In questo mare magnum di proposte a fare la differenza non sono però i contenuti. O meglio, affinché questi ultimi siano più efficaci e convincenti conta un altro aspetto, cioè il processo attraverso cui le proposte vengono formulate e diffuse. Si tratta di un discrimine qualitativo sempre più rilevante a fronte di un’offerta politica – lo so sembra strano a dirsi ma è così – sempre più ricca e variegata. Due sono le fasi di processo più rilevanti. La prima a monte della definizione dei contenuti e riguarda il modo in cui persone e organizzazioni danno vita a una sorta di “intelligenza collettiva” da cui scaturiscono, anche in forma grezza, conoscenze, aspirazioni, bisogni che sono sintetizzabili in proposta. Una panacea contro la deriva tecnocratica dei policy makers spinti a combinare e ricombinare elementi di contenuto ma senza riscontri che non siano quelli a corto raggio delle elite di partito o delle organizzazione di rappresentanza. Non è solo questione di numeri, perché per fare massa critica serve anche identità, cioè riconoscimento di sé come corpo unitario alleato o in contrapposizione ad altri. La seconda fase riguarda invece gli effetti delle proposte di policy, le esternalità che generano a seconda di come vengono formulate in un determinato arco di tempo e rispetto a un particolare soggetto. Certamente non tutto può essere valutato in un’ottica di impatto delle politiche. Sono troppe le variabili in gioco, ma uno sforzo almeno per individuare le principali andrebbe fatto. Pena il rischio di veder disseminato di “imprevisti” il percorso di implementazione.
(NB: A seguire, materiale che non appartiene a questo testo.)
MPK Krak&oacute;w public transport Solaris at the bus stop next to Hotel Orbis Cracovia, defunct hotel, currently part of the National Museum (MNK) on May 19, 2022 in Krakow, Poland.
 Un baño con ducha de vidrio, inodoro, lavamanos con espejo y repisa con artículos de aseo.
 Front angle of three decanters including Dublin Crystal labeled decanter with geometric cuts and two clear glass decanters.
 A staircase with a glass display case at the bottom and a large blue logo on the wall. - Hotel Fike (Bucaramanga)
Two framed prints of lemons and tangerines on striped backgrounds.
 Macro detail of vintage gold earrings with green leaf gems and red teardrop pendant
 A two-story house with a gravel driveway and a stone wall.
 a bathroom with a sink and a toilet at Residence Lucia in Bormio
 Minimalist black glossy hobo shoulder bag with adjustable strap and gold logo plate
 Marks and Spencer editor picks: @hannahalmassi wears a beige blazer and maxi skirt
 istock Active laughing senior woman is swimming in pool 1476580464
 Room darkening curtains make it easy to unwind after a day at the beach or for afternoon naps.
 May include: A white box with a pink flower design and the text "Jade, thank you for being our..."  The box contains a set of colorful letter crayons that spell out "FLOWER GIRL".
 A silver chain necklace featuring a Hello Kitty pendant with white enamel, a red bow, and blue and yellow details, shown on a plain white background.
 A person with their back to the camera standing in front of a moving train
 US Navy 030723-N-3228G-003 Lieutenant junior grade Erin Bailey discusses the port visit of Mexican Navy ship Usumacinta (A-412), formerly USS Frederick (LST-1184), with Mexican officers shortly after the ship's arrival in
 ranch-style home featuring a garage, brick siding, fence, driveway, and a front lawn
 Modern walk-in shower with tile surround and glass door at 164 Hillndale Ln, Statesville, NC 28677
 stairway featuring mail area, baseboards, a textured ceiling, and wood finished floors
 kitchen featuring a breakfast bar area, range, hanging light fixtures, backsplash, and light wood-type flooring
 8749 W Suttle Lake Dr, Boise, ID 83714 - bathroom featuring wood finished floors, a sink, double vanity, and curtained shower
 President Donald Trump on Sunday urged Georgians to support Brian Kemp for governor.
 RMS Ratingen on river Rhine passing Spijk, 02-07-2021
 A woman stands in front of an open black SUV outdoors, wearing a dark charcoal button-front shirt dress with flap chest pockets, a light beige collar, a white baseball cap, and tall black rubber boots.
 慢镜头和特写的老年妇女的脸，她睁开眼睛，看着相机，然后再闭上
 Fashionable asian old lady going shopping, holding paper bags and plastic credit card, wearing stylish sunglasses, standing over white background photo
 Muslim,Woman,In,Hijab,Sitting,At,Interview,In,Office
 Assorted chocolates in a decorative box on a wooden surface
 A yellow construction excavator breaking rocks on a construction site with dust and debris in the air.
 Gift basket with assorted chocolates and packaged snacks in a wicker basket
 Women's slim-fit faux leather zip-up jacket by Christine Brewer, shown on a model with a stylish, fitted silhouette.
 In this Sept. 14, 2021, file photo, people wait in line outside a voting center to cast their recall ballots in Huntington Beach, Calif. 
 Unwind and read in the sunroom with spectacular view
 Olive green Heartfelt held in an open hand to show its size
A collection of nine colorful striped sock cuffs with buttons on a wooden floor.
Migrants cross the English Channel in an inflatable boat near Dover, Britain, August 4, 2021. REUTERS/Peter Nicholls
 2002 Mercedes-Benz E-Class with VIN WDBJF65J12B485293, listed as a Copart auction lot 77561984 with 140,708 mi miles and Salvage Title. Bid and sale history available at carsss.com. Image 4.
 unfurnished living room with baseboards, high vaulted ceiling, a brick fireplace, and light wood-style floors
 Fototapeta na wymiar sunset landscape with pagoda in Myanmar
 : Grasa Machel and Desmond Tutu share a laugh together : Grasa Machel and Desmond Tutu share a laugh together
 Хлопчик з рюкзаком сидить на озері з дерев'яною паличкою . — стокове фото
Un esempio a caso: la norma sull’impresa sociale. L’emendamento “mordi e fuggi” inserito nella legge di stabilità ha messo bene in luce la necessità di un percorso, lungo e anche faticoso ma ugualmente necessario, per consolidare una piattaforma non di rappresentanza ma di dialogo tra le diverse espressioni e i diversi approcci al tema. Considerando sia quelli maggiormente strutturati e istituzionalizzati sia quelli emergenti e che non possono far valere “il peso dei numeri”. Allo stesso modo è necessaria più attenzione, più dati più ricerca, sulle condizioni di contesto e sugli effetti che le innovazioni proposte possono apportare. Il vincolo alla distribuzione degli utili che in alcuni casi è visto come un limite insormontabile allo sviluppo, in altri casi è considerato un asset imprenditoriale. L’attrazione di risorse finanziare vista come elemento cardine nel desing delle nuove startup sociali è poco o nulla considerata in altri frangenti. Considerare questi e altri aspetti in un’ottica processuale aiuterebbe a tracciare un perimetro generale all’interno del quale ognuno possa poi intraprendere il proprio percorso.